Юноша ничего не ответил, только тихо всхлипнул.
- Послушай моего совета, мальчик. Иногда единственный путь вытащить из сердца стрелу этого маленького… крылатого… - он с трудом сдержался, - это протолкнуть её насквозь.
Стрекозы всё ещё жужжали, лениво описывая замысловатые круги над водой. Две маленькие птички перекликались где-то в спасительной тени ветвей. Вдалеке запел рожок пастуха.
- Что ж, я ответил на твой вопрос, совет ты получил, а значит, - Аполлон развёл руками, - самое время поговорить о плате.
- Чего ты хочешь? – безразлично буркнул юноша.
- В отличие от тебя - не многого, - насмешливые искорки засветились в медовых глазах. - Если уж ты такой знаток моих прозвищ, то наверно слышал и о таком как «Мусагет», - Левкант кивнул. – Отлично! – Аполлон хлопнул в ладоши. – Однажды мой брат Гермес сказал мне очень мудрые слова: «Плату с человека нужно брать тем, что он делает лучше всего на свете: с кузнеца – мечом, со скульптора – статуей, с торговца - золотом». Ты поэт, - он поднял руку отметая вялое отрицание юноши. - Поэт! - повторил он с нажимом. – А что поэт делает лучше всего? – ответа он так и не дождался, поэтому после короткой паузы поспешил дать его сам. - Стихи! – Аполлон многозначительно поднял палец. - Прочти мне своё последнее творение и будем считать, что мы в расчёте.
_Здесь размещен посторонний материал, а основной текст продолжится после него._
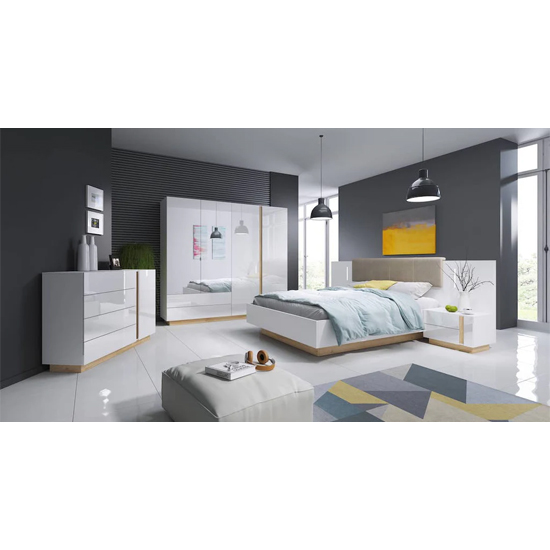 Alaro High Gloss King Size Bed In White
Юноша обречённо поднялся на ноги и расправил хитон. - Я могу спеть, но кто-то должен играть мне, ты же знаешь, Кифарет.
- О, не беспокойся об этом, юный Левкант, - на губах Феба расцвела улыбка. - Сегодня тебе будет аккомпанировать сам Аполлон!
Malysh194
Мастер
4/30/2008, 4:40:44 PM
С этим словами златокудрый обернулся и извлёк из-за камня серебряную лиру, украшенную по бокам изящными медными головами ланей. Левкант не видел в жизни инструмента прекраснее, он, бесспорно, был воплощением совершенства, но что-то смущало молодого поэта, чего-то не хватало, чего-то очень важного... Струн! Юноша уже собрался было озвучить свою догадку, но в этот момент Аполлон протянул руку чуть вправо - туда, где сквозь зелёную крону дерева пробивался столб золотистого света. Пальцы Аполлона сомкнулись, он потянул, и от столба отделилось что-то очень тонкое и… очень яркое. Неспешными уверенными движениями музыканта Феб аккуратно привязал струну к поперечной перекладине и снова протянул руку к свету… Когда все девять струн были закреплены на своих местах, Аполлон пару раз легко провёл по ним пальцем, внимательно прислушиваясь, что-то подправил, потом устроился на камне поудобнее и заиграл. Он играл, закрыв глаза, и нежная грустная мелодия его чудесного инструмента медленно разливалась в хрустальном воздухе над прудом. Казалось ноты, слетающие с дрожащих струн, вплетались прямо между золотыми нитями солнечных лучей.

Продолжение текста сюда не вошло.